Part 6: Context Management & Reliability

This is the smallest domain by weight. But concepts here cascade into Domains 1, 2, and 4. Getting context management wrong breaks your multi-agent systems and extraction pipelines.

01 Context Preservation

The Progressive Summarisation Trap

Condensing conversation history compresses critical details into useless vagueness:

Before SummarisationAfter Summarisation
"Customer wants a refund of $247.83 for order #8891 placed on March 3rd""Customer wants a refund for a recent order"

Fix: extract transactional facts into a persistent "case facts" block. Include it in every prompt. Never summarise it.

CASE FACTS (do not summarise):
- Customer ID: CUS-4421
- Order: #8891, placed 2026-03-03
- Refund requested: $247.83
- Product: Wireless headphones (SKU: WH-200)
- Reason: Defective left ear speaker

The "Lost in the Middle" Effect

Models process the beginning and end of long inputs reliably. Findings buried in the middle may be missed.

Fix: place key findings summaries at the beginning. Use explicit section headers throughout.

Tool Result Trimming

An order lookup returns 40+ fields. You need 5. Trim verbose results to relevant fields BEFORE appending to context. Prevents token budget exhaustion from accumulated irrelevant data.

Upstream Agent Optimisation

Modify agents to return structured data (key facts, citations, relevance scores) instead of verbose content and reasoning chains. Critical when downstream agents have limited context budgets.

02 Escalation and Ambiguity Resolution

Three Valid Escalation Triggers

TriggerAction
Customer explicitly requests a humanHonour immediately. Do NOT attempt to resolve first.
Policy exceptions or gapsEscalate (e.g., competitor price matching when policy only covers own-site)
Inability to make meaningful progressEscalate after exhausting available options

Two Unreliable Triggers (Reject These)

TriggerWhy It Fails
Sentiment-based escalationFrustration does not correlate with case complexity
Self-reported confidence scoresModel is often incorrectly confident on hard cases and uncertain on easy ones

The Frustration Nuance

  • Customer is frustrated but issue is straightforward → acknowledge frustration, offer resolution
  • Customer explicitly says "I want a human" → escalate immediately, no investigation first
  • Customer reiterates preference for human after you offer help → escalate

Ambiguous Customer Matching

Multiple customers match a search query. Ask for additional identifiers (email, phone, order number). Do NOT select based on heuristics (most recent, most active).

03 Error Propagation

Structured Error Context

When propagating errors, include:

  • Failure type (transient, validation, business, permission)
  • What was attempted (specific query, parameters used)
  • Partial results gathered before failure
  • Potential alternative approaches

Two Anti-Patterns

Anti-PatternWhy It Fails
Silent suppressionReturns empty results marked as success. Prevents any recovery.
Workflow terminationKills entire pipeline on single failure. Throws away partial results.

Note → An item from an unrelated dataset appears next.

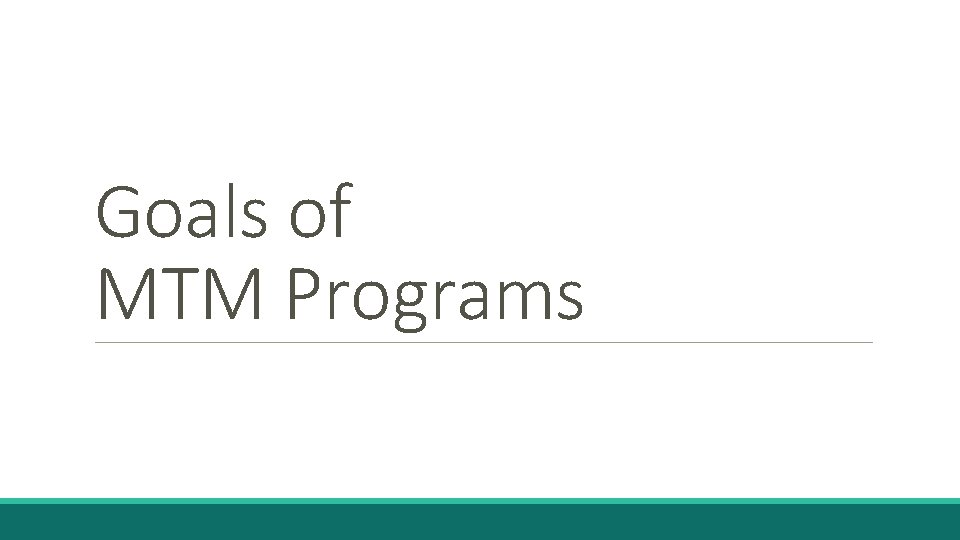 Goals of MTM Programs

Access Failure vs Valid Empty Result

This is the same distinction from Domain 2, and it matters even more in multi-agent systems:

  • Access failure → consider retry
  • Valid empty result → no retry needed, this IS the answer

Coverage Annotations

Synthesis output should note which findings are well-supported vs which areas have gaps:

"Section on geothermal energy is limited due to unavailable journal access"

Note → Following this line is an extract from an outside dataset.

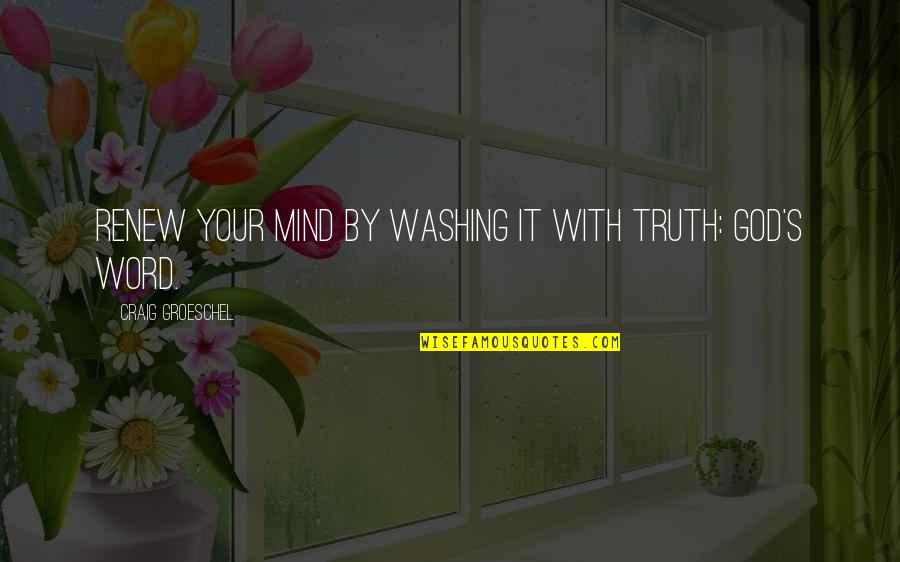 Inkem Quotes By Craig Groeschel: Renew your mind by washing it with truth:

This is better than silently omitting the topic entirely.

04 Codebase Exploration and Context Degradation

The Problem

In extended sessions, the model starts referencing "typical patterns" instead of specific classes it discovered earlier. Context fills with verbose discovery output and loses grip on earlier findings.

Mitigation Strategies

StrategyHow It Helps
Scratchpad filesWrite key findings to a file, reference it for subsequent questions
Subagent delegationSpawn subagents for specific investigations, main agent keeps high-level coordination
Summary injectionSummarise findings from one phase before spawning subagents for the next
/compactReduce context usage when filled with verbose discovery output

Crash Recovery

Each agent exports structured state to a known file location (manifest). On resume, the coordinator loads the manifest and injects it into agent prompts.

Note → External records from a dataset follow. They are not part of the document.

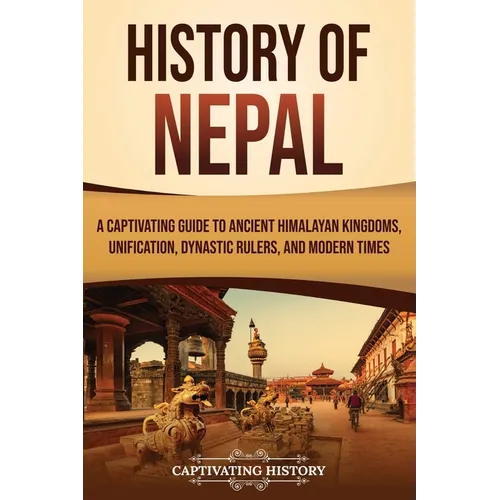 History of Nepal: A Captivating Guide to Ancient Himalayan Kingdoms, Unification, Dynastic Rulers, and Modern Times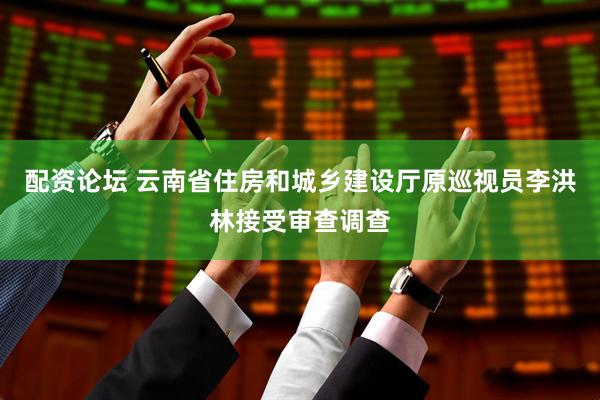配资论坛 云南省住房和城乡建设厅原巡视员李洪林接受审查调查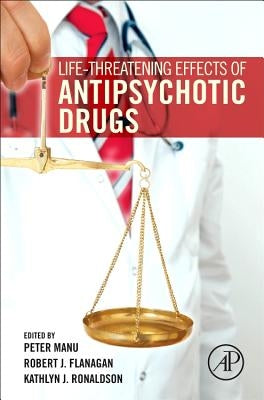 Life-Threatening Effects of Antipsychotic Drugs by Manu, Peter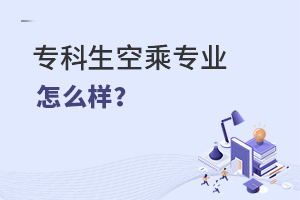 專科生空乘專業怎么樣?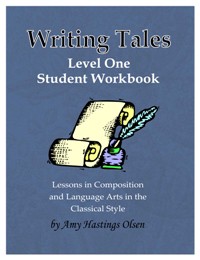 Writing Tales Level One - Student Workbook  and Teachers Guide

05 Human Review and Confidence Calibration

The Aggregate Metrics Trap

97% overall accuracy can hide 40% error rates on a specific document type. Always validate accuracy by document type AND field segment before automating.

Stratified Random Sampling

Sample high-confidence extractions for ongoing verification. Detects novel error patterns that would otherwise slip through.

Field-Level Confidence Calibration

  1. Model outputs confidence per field
  2. Calibrate thresholds using labelled validation sets (ground truth data)
  3. Route low-confidence fields to human review
  4. Prioritise limited reviewer capacity on highest-uncertainty items

06 Information Provenance

Structured Claim-Source Mappings

Each finding must include:

  • Claim
  • Source URL
  • Document name
  • Relevant excerpt
  • Publication date

Downstream agents preserve and merge these mappings through synthesis. Without this, attribution dies during summarisation.

Conflict Handling

Two credible sources report different statistics. Do NOT arbitrarily select one. Annotate with both values and source attribution. Let the consumer decide.

Temporal Awareness

Require publication/data collection dates in structured outputs. Different dates explain different numbers — they are not contradictions.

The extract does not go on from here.